Problem to work on:
What needs reproducing is the run of lines in the data below starting at the line with "駅のホームで電車待ちのビジネス女性の後姿" and ending at the line with "Macro shot of", both ends included. Copy it exactly, without pictures, and add nothing.

Source records:
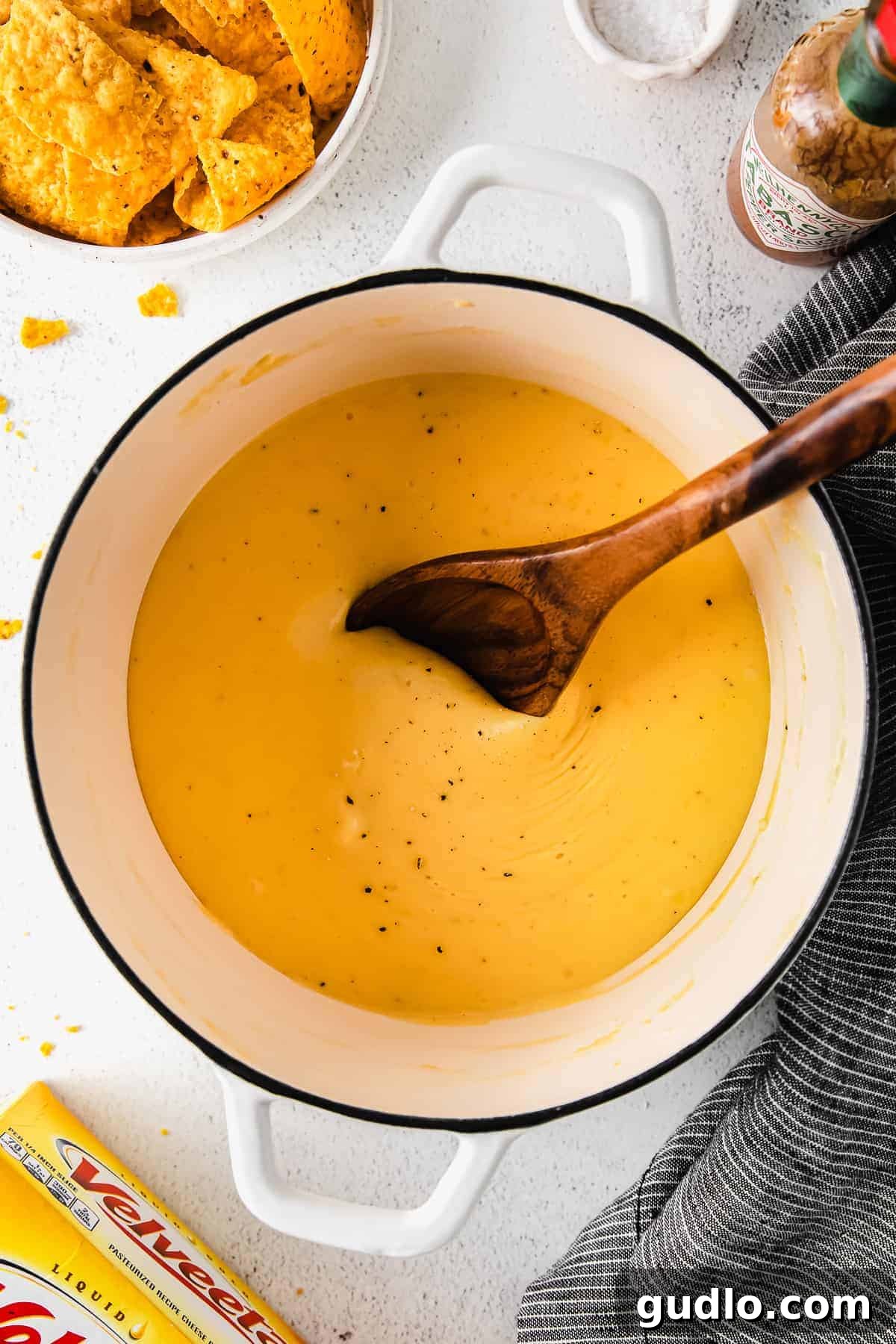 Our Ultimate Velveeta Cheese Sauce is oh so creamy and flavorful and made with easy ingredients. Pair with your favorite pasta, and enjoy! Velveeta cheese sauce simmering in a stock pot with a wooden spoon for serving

---

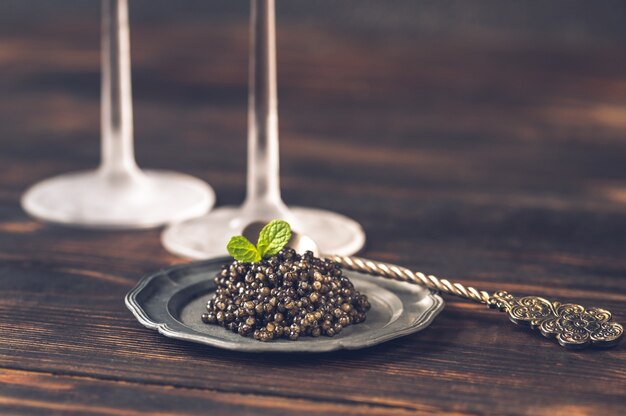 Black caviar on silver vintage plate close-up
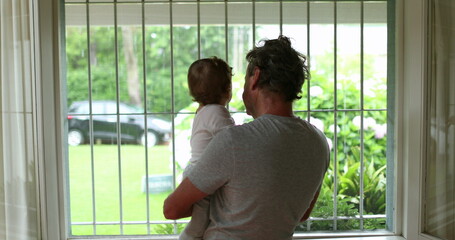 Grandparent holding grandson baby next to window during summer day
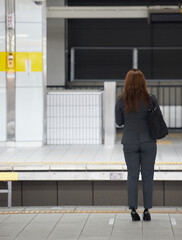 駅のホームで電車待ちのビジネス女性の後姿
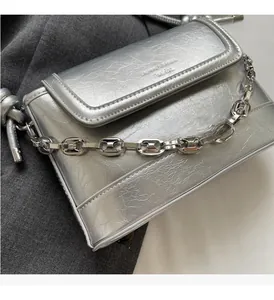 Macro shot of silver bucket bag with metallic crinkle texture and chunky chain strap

* * *

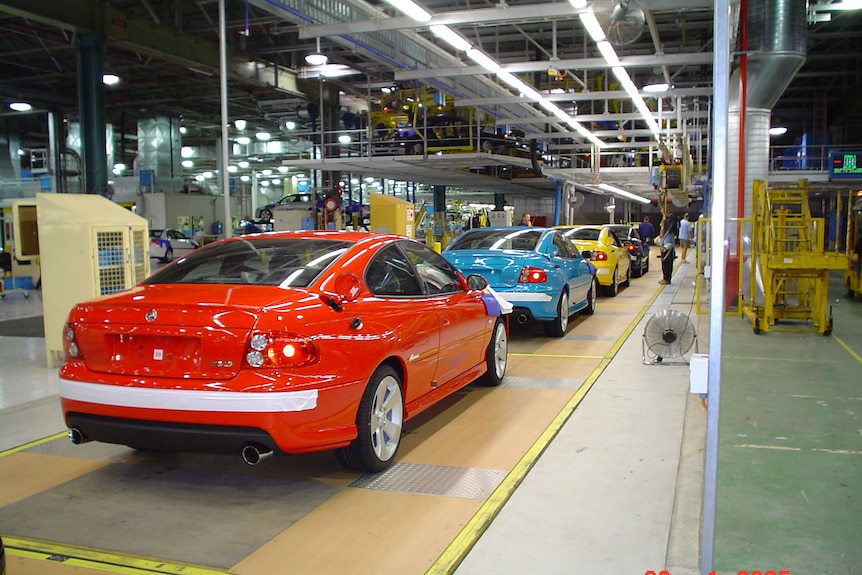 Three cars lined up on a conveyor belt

Response to the exercise:
 駅のホームで電車待ちのビジネス女性の後姿
 Macro shot of silver bucket bag with metallic crinkle texture and chunky chain strap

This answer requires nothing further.